Students are encouraged to attend the British Academy of Audiology conference in November. It is optional. Costs may include registration, travel and accommodation. Costs for the BAA conference are £80 registration before 1st October and £135 after 1st October.
Professional membership: Current costs are £5 for membership of the BSA and £26 membership of the BAA.
Optional visits: Some modules may include additional optional visits. You will normally be expected to cover the cost of travel and admission, unless otherwise specified in the module profile.
In some cases you'll be able to choose modules (which may have different costs associated with that module) which will change the overall cost of a programme to you. Please also ensure you read the section on additional costs in the University’s Fees, Charges and Expenses Regulations in the University Calendar available at www.calendar.soton.ac.uk.
All applicants must complete mandatory criminal record and health checks before the start of the course, which may incur a non-refundable fee (e.g.

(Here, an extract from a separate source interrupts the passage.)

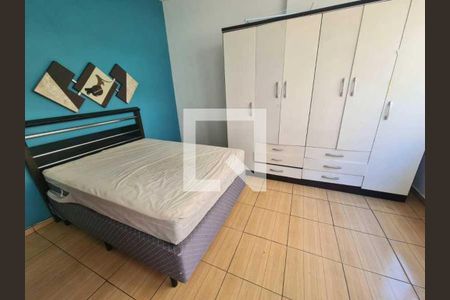 Apartamento à venda com 1 quarto, 35m² em Copacabana, Rio de Janeiro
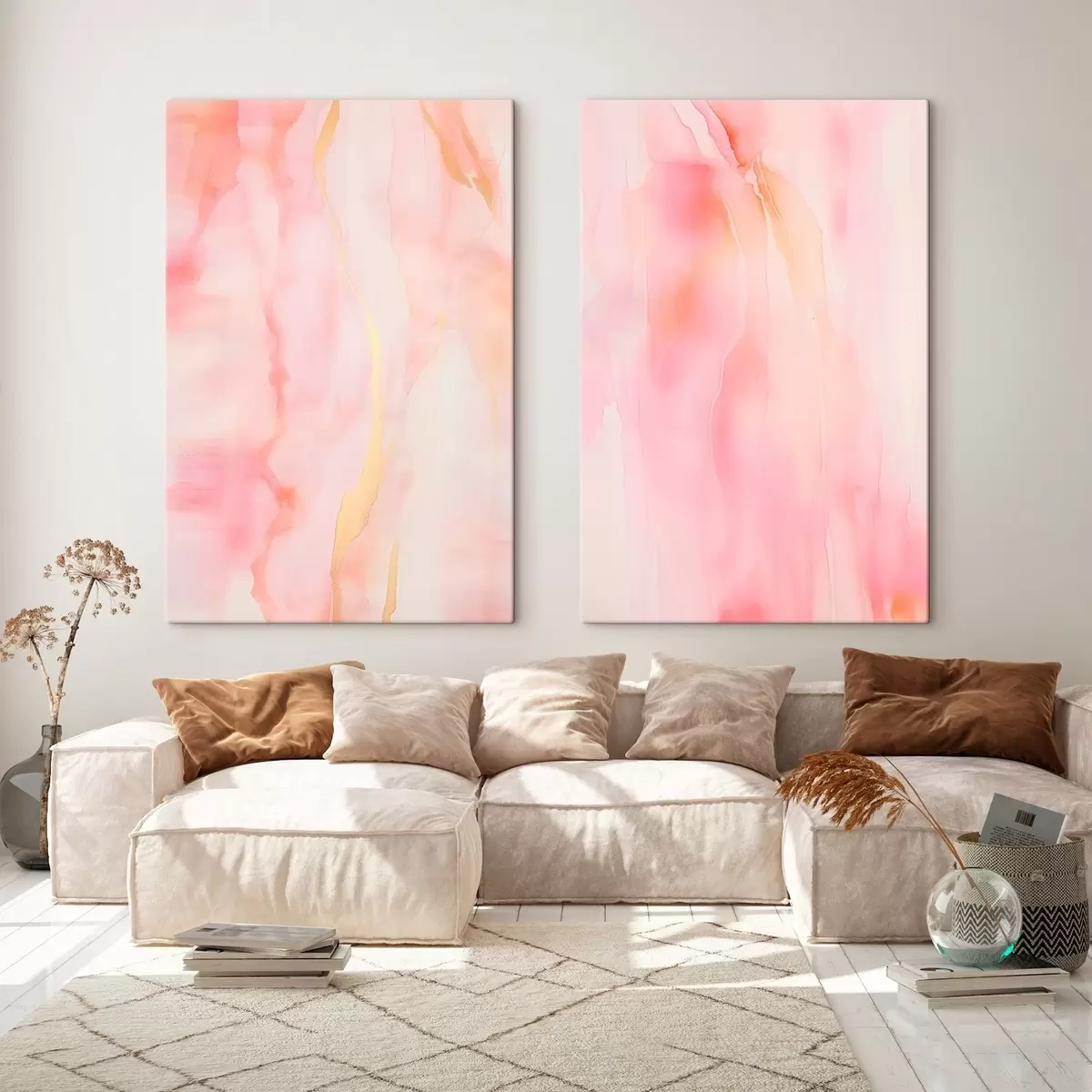 Glezna Abstrakcija m01026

DBS criminal record check or Overseas equivalent, vaccinations undertaken before the start of the course).
Our graduates are highly desired by employers around the world. Graduates have gone onto a variety of roles, such as audiologist, service lead, educator and researcher, in a variety of contexts, such as in health care, universities, research laboratories, businesses and technology manufacturers. Some of the companies our graduates work for include the UK National Health Service, Specsavers, Amplifon UK, GN Otometrics and Chime Social Enterprise.
UK/EU students who take the 40-week clinical placement after the MSc can work and register as audiologists in the NHS.
Learning & Assessment
Teaching and learning
The range of subject matter covered in the modules calls for varied teaching and learning techniques. These will include lectures, tutorials, individual and group planning exercises and practical work. You will be encouraged to openly communicate your professional experiences, exchange ideas and knowledge share. One-to-one tutorials are also arranged to cater for individual learning differences.
Candidates wishing to obtain an MSc will carry out a research project and complete a dissertation. Research projects may concern any of the areas covered by the course. The research project will bring together all the acquired skills learnt on the course, and demonstrate in-depth knowledge of one or more of the subject areas studied. It will involve sourcing and gathering information, critical analysis, and evaluation and presentation skills. The project should contain your own original ideas. It should also exceed the existing standard of technical design, and address a novel problem that requires the application of new research.
Assessment and examinations
Assessment is conducted through a combination of unseen written examinations and assessed coursework in the form of assignments, presentations, essays, practical exams, and individual and group projects.
Every student is assigned a personal tutor from the start of their degree who will meet you when you enrol. Your personal tutor will stay the same throughout course to offer you consistent academic and pastoral support.
We have our own team of administrators who act as a point of contact for day-to-day advice and information for postgraduate students. They are also responsible for collecting assignments and issuing the documents and forms which are required during your period of study.